Esteri. La linea del governo sull’Ucraina è quella e non cambia: da Mario Draghi a Giorgia Meloni si sta con gli aggrediti e contro gli aggressori, si mandano aiuti e anche armi, ci si allinea alla Nato, alla Casa Bianca e all’Europa.

«L’Italia non tentenna», ha detto la presidente del Consiglio davanti a Zelensky durante la sua visita a Kiev. Ma pochi minuti prima proprio Zelensky – assai poco diplomaticamente - aveva attaccato alzo zero Silvio Berlusconi per le sue posizioni filoputiniane. La premier lì per lì non si è scomposta troppo, si è limitata a ricordare che in Parlamento nessuno nella maggioranza si è mai differenziato quando si è trattato di approvare il sostegno e gli aiuti al paese aggredito dai russi.

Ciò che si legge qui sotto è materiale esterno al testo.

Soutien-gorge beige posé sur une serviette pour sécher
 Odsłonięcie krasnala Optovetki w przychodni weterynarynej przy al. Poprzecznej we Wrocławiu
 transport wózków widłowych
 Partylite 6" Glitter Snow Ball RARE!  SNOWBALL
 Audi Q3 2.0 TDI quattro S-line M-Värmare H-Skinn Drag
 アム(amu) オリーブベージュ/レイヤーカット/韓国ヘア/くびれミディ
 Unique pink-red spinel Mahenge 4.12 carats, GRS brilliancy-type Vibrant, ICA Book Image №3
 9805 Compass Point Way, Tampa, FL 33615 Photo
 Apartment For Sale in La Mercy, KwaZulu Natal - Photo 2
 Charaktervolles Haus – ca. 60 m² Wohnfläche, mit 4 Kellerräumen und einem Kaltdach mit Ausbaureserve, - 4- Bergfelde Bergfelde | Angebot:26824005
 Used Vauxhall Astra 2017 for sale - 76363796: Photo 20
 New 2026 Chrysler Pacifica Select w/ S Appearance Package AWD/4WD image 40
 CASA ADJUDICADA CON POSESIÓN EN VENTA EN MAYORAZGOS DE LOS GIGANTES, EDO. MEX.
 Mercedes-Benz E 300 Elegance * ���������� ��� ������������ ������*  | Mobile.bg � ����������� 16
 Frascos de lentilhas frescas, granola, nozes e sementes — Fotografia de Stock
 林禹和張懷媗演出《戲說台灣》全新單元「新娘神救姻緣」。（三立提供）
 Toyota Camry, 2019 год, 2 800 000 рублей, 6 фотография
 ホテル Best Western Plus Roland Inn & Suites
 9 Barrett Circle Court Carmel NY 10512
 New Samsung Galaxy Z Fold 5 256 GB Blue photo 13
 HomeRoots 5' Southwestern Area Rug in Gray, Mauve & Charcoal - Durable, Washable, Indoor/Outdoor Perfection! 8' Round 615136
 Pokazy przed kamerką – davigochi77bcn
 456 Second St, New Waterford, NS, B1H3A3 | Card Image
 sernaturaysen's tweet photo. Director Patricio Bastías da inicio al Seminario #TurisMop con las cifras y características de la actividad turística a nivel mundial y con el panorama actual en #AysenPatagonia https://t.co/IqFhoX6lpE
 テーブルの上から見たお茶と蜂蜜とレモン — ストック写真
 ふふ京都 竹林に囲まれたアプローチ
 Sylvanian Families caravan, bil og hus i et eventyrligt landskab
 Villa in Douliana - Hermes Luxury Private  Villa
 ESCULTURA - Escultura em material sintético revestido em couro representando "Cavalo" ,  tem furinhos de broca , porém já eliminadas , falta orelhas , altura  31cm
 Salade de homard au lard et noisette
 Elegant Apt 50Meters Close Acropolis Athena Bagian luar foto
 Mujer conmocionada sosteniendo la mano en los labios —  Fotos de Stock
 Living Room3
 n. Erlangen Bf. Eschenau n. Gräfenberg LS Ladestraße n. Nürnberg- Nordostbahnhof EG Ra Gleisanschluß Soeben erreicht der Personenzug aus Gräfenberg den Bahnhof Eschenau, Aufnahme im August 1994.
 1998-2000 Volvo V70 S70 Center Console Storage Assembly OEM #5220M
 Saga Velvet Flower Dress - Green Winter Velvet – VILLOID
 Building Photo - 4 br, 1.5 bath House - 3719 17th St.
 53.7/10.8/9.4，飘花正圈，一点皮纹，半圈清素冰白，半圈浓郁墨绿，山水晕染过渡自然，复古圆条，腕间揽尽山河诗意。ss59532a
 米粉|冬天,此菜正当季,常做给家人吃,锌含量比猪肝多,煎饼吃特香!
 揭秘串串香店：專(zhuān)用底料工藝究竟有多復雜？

Da Arcore in quei momenti Berlusconi si sarà morso la lingua e, fatto insolito per lui, non ha ribattuto alle accuse sarcastiche di Zelensky: «Tu non sei mai stato bombardato a casa tua a causa del fraterno aiuto russo». Il quale fraterno aiuto a Berlusconi dal Cremlino è subito arrivato con un attacco virulento proprio contro il nemico ucraino. Ma si sa il Cav è un vecchio amico di Putin, il compagno di vacanze che gli invia «casse di vodka per il compleanno». Lusingato dalla difesa moscovita, il Signore di Arcore ha conservato il silenzio in pubblico ma tutti sanno che a villa San Martino c’è come un vulcano che fuma e che potrebbe eruttare in ogni altro momento. Sull’Ucraina Berlusconi è disposto a incrociare le lame con Meloni, a farsi persino sospendere dal Ppe, a dover accettare correzioni alle sue parole dal pur fedelissimo suo pupillo Antonio Tajani nelle vesti di ministro degli Esteri di un Paese decisamente schierato contro la Russia.

C’è chi scrive che dal Quirinale si guarda con preoccupazione a questa situazione di instabilità profonda della coalizione di centrodestra: si confida soprattutto sulla capacità di Meloni di tenere a bada gli alleati e di richiamarli agli obblighi internazionali. Già, perché a esser critico sull’Ucraina non c’è solo Berlusconi ma anche Salvini, a suo tempo apertamente sodale di Putin e del suo partito Russia Unita. Però il capo della Lega da tempo ha deciso di non intervenire più di tanto sulla questione, si è fatto sentire soltanto per criticare l’annunciata (e mai avvenuta) presenza di Zelensky a Sanremo ma per il resto sta bene attento a non pronunciare verbo quando Berlusconi parla e mette in difficoltà il governo. Non lo appoggia ma nemmeno lo smentisce: deve essere questa la linea concordata con i suoi.

Non c’è dubbio che proprio la critica alla posizione italiana sulla guerra sia un collante obiettivo per i due partiti di governo che devono pur prendere qualche iniziativa per contare nelle partite di potere e arginare Fratelli d’Italia. I numeri non sono dalla loro parte: insieme sommano la metà dei voti di Meloni, però senza di loro Giorgia non governa, e se vogliono possono rendere la vita difficile ad una leader che, a loro giudizio, ha un po’ troppo la tendenza a fare da sola. Per esempio nella grande gara che si è già aperta per il rinnovo dei vertici delle tante società pubbliche.

Ci sono centinaia di posti di consiglieri di amministrazione, amministratori delegati, direttore generali, presidenti, vicepresidenti e sindaci da distribuirsi. Fratelli d’Italia è deciso a fare la parte del leone ma Lega e Forza Italia non hanno alcuna intenzione di raccogliere le briciole da tavola. Salvini ha già mandato un messaggio chiarissimo: secondo lui Eni, Enel e Rai «devono cambiare passo».

E c’è da pensare che i due partiti minori della coalizione cercheranno in tutti i modi di procedere insieme per condizionare la destra-padrona. Anche a questo, in fondo, può servire la politica estera.